Fiona McKay, a researcher at Deakin University in Australia, surveyed nearly 4000 people - 2416 who'd liked a pro-asylum seeker Facebook page, and 1688 who'd signed up to the group's newsletter.
What she found was "many of those who had liked the Facebook page were not engaged in actions or activism around issues of asylum seeking beyond liking the Facebook page".
More than 90 percent had signed an online petition or shared stories on social media, but less than a third had donated money - compared to almost two-thirds of those signed up to the group's newsletter.
Only 13 percent of Facebook fans donated food or other goods to asylum seekers, and only 2.3 percent had helped the group fundraise, compared to 6.2 percent of newsletter subscribers.
"Those who had signed up to the newsletter were more likely to be engaged in more direct action towards issues of asylum," Ms McKay notes in the study, published in the Australian Journal of Psychology.
She suggests supporting a pro-asylum seeker group in a less public way - privately signing up to a newsletter, rather than 'liking' their page on Facebook - is a form of "brand management" or conflict avoidance, with polls showing most Australians would prefer asylum seekers were sent away.

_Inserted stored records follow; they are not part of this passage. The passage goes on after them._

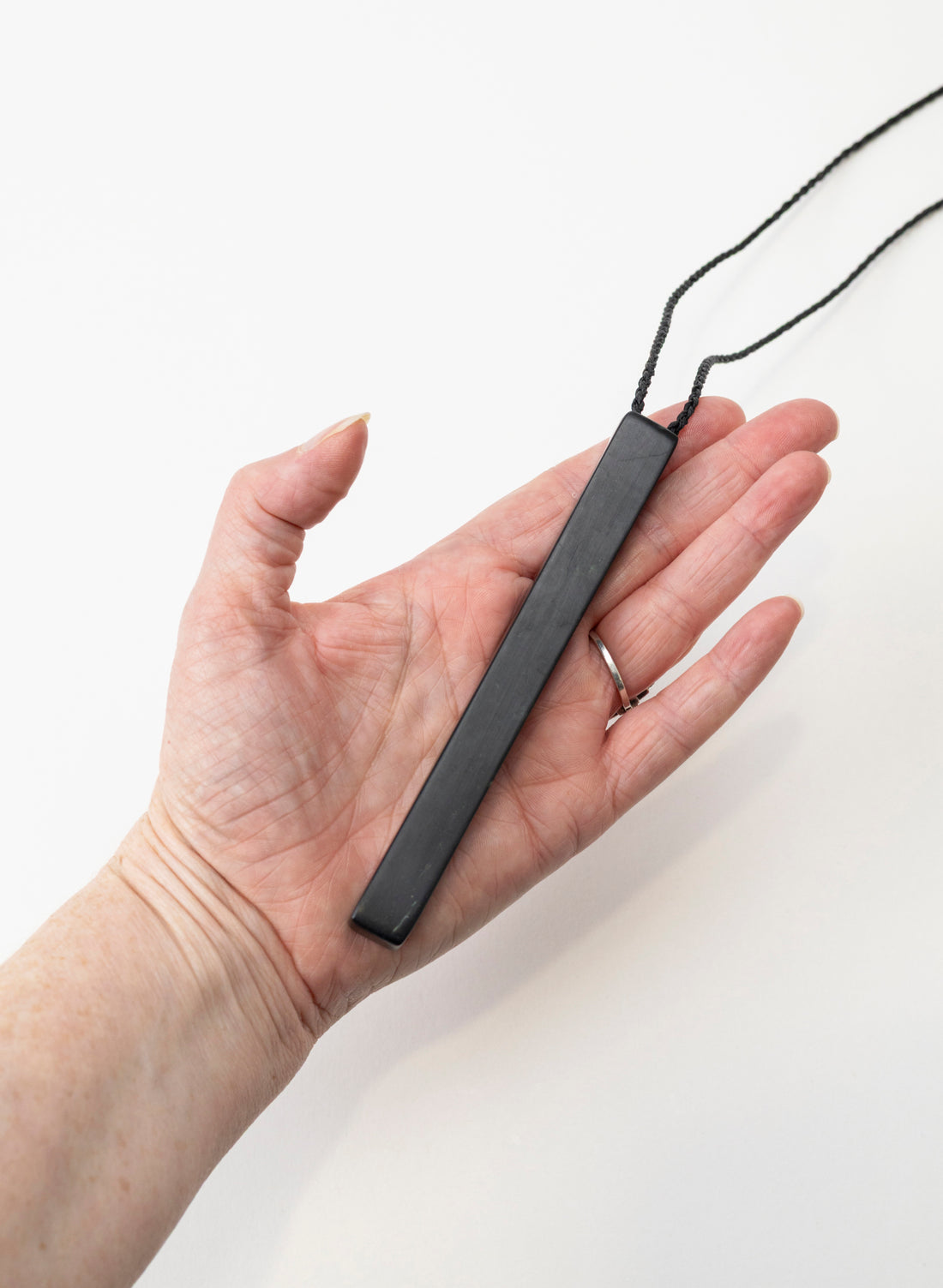Pounamu Cuisenaire Rods pendant resting in a hand to show its length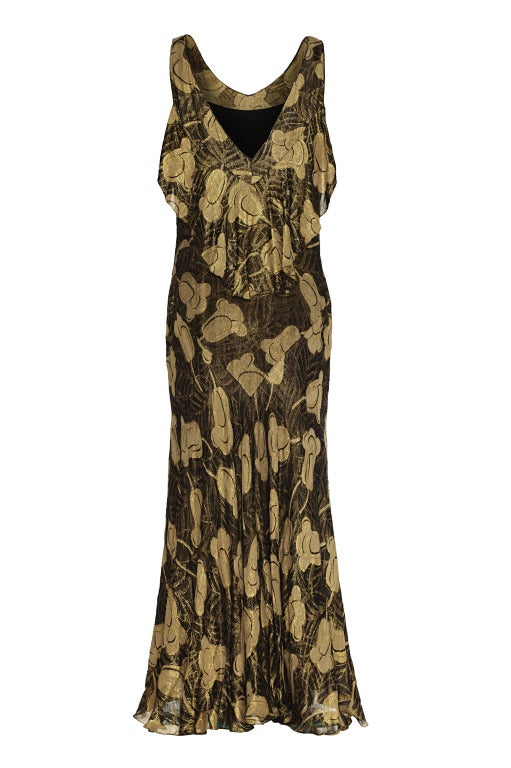 This sensational vintage 1930s full length lamé gown in a black and gold floral design is cut on the bias to create a flattering silhouette. Panelling in the skirt makes the dress fall beautifully and hangs slightly longer at the back.

There is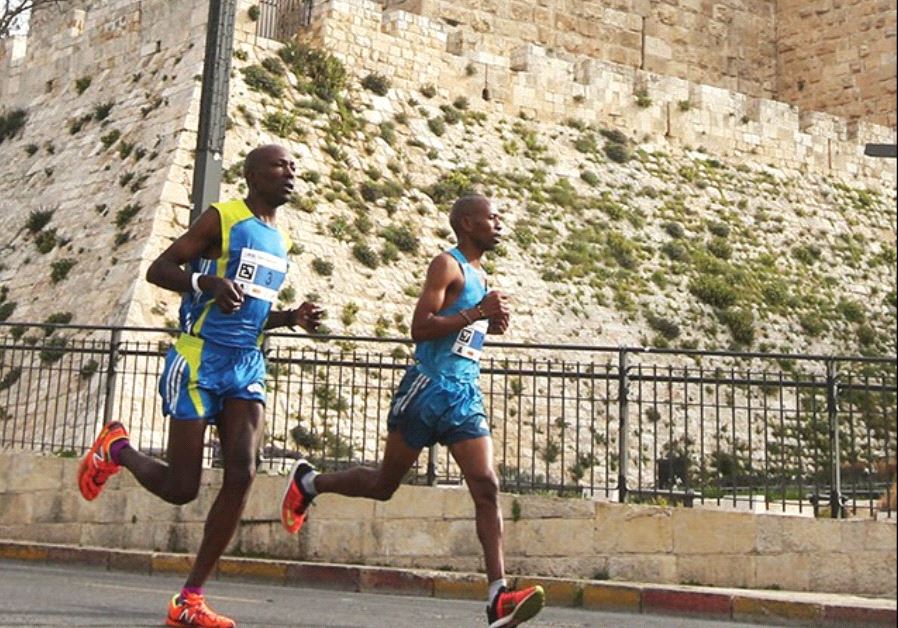 RUNNERS PASS by the walls of the capital’s Old City during Friday’s seventh annual running of the Je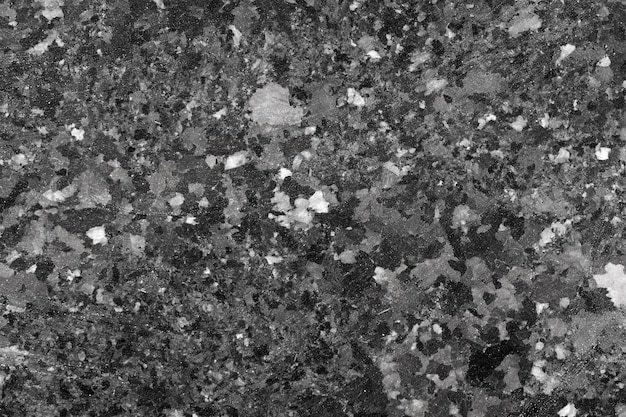 Abstract background of black granite texture. High resolution photo.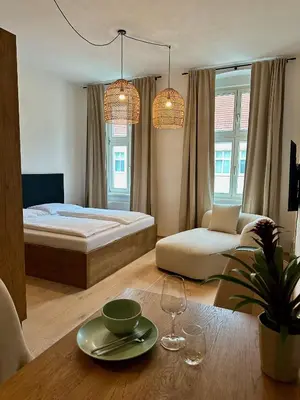 Ein Bett oder Betten in einem Zimmer der Unterkunft FERDI Ottakring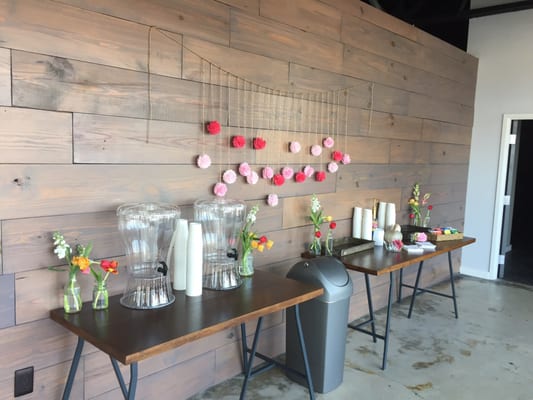 Coffee, tea, and water stations in the lobby for an event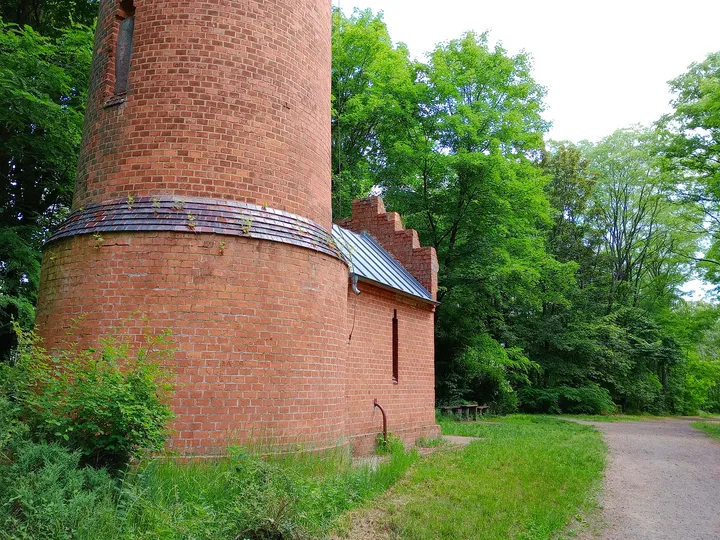 A plaque around the lower brickwork at Wilkanowo observation tower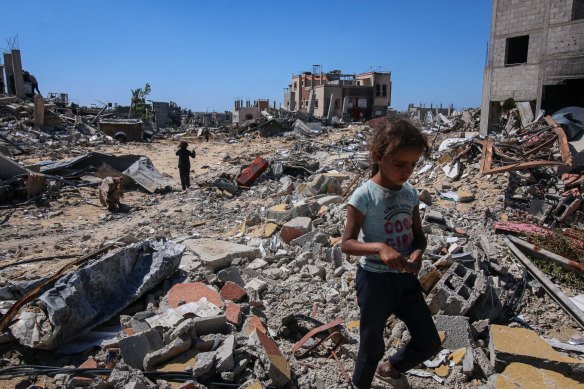 Displaced Palestinians inspect their destroyed homes after fleeing from Rafah, in Gaza this week.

As for those who do like the page on Facebook, so many of them identified in her survey as having 'left political views' - three-quarters - that it could be a part of the Facebook "echo chamber, in which individuals are exposed only to information from like-minded individuals".
It remains to be figured out how groups can effectively turn 'likes' into real action, however.
"When the cost of engaging action is low, people do little more than engage in token support."